Anchorage landfill remains open despite quake damage
Although crews are working to repair damage at the Anchorage Regional Landfill near Eagle River following the Nov. 30 earthquake, staff with the municipality's Solid Waste Services are still on-site doing their jobs.
Employees continued to work this week in a back parking lot of the SWS Maintenance Building, which has been closed due to damage from the 7.1 quake.
"Every one of those columns has damage to it, so, there's no structural strength if that building were to shake again," said SWS Planning and Engineering manager Mark Madden.
Madden is one of the supervisors who used to work in the maintenance building, which also hosted repair work.
"We haven't been as productive as we'd normally would be," Madden said.
Ever since the building's closure the day after the quake, SWS trucks have been parked outdoors. Repairs are already expected to top $4 million.
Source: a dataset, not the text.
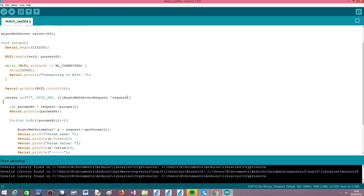In order to access the query parameters, we also use this request object. What we are going to do in this simple example is get the number of query parameters received and print their names and values. The first thing we need to do is find out how many query parameters we have received. There is a method on the request object called `params()` — it takes no arguments and returns the number of parameters passed in the request. We store this number in an integer variable and print it.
"To replace it is probably about eight to nine million dollars, I believe right now," Madden said.
The Administration Building houses some department offices. Right now, though, it looks like a storage room.
"We have no locker rooms for our employees right now; the break room is kind of questionable," Madden said.
He and co-workers have moved to portable trailers across the parking lot. While it's been a bit stressful, there is still a sense of pride.
"We have not stopped any services," said SWS Recycling Coordinator Suzanna Caldwell. "We were open the day after the earthquake out here at the landfill, even despite all of the challenges we were facing."
SWS officials hope to get some money from the Federal Emergency Management Agency to help pay for the project, but failing that SWS would pay for the work. Management says it's way too soon to speculate how that could impact user fees.
The repair project could start later this year, and will take about a year to complete when it begins.